Unshelved by Bill Barnes and Gene Ambaum
comic strip overdue media

Monday, April 18, 2011

Sounds from the past

Recreating the sound of Tutankhamun's trumpets
Tutankhamun's trumpet was one of the rare artefacts stolen from the Cairo Museum during the recent uprising. The 3,000-year-old instrument is rarely played, but a 1939 BBC radio recording captured its haunting sound.

Among the "wonderful things" Howard Carter described as he peered by candlelight into the newly discovered tomb of Tutankhamun in 1922 were two trumpets, one silver and one bronze.

For more than 3,000 years they had lain, muted, in the Valley of the Kings, close to the mummy of the boy king. Found in different parts of Tutankhamun's tomb, both were decorated with depictions of Egyptian gods identified with military campaigns.

Both became exhibits at the Cairo museum, but when it was broken into during the recent uprising, the bronze instrument vanished.
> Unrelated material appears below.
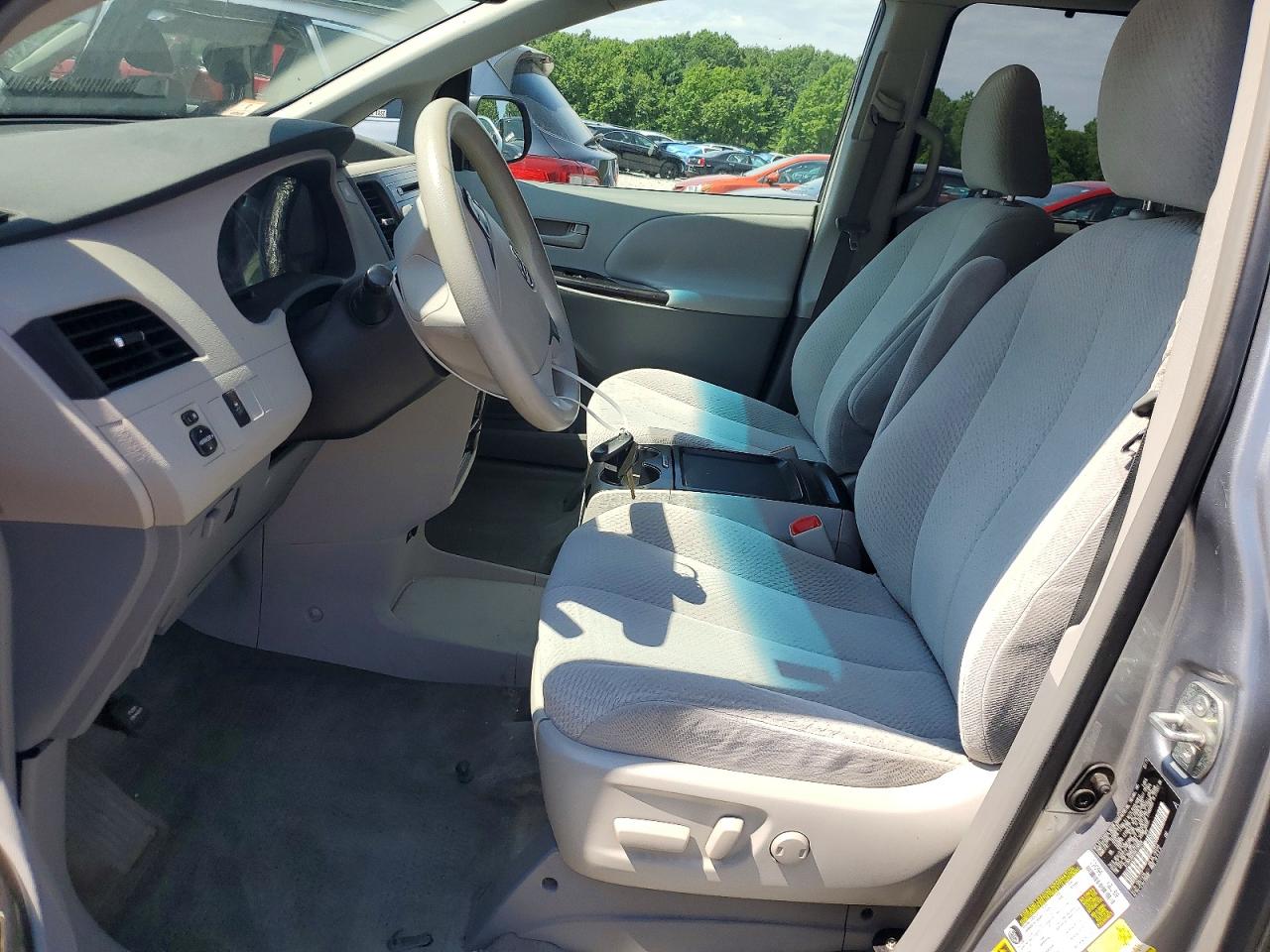 2011 Toyota Sienna Le Silver vin: 5TDKK3DC0BS138808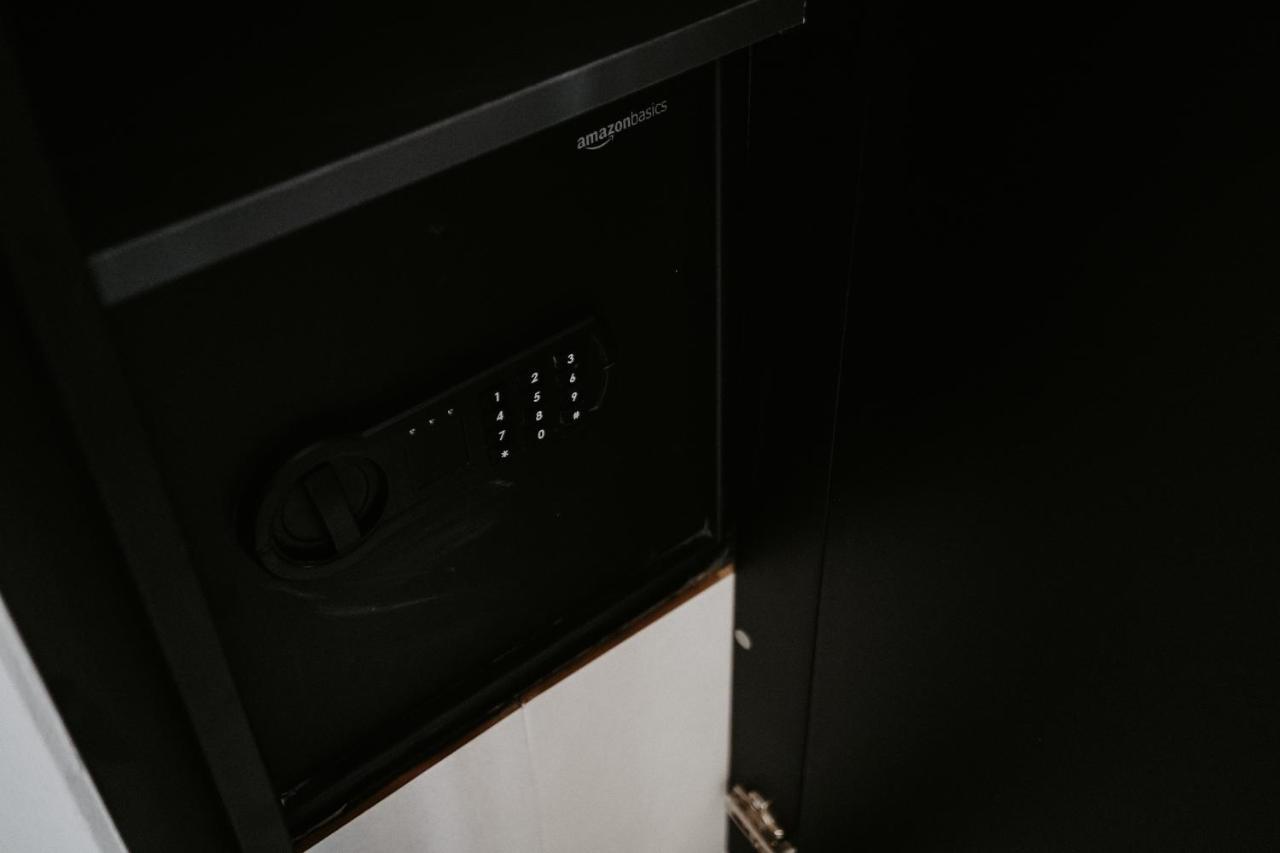 Dislocati Bnb - Jacuzzi Privata - Cucina - Tv60" - Minimal Luxury Marigliano Exterior photo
Luckily, the silver one was away on exhibition tour.

Egyptologists were already reeling from the loss of many of the country's antiquities, and many found the theft of one of the oldest surviving musical instruments in the world particularly poignant.
Fortunately the missing trumpet as well as other missing antiquities were found in a bag recently. If you want to hear the trumpets, played on BBC Radio in 1939, you can hear it by clicking on a player in the article. It's quite beautiful. I think the bronze one has a richer tone to it.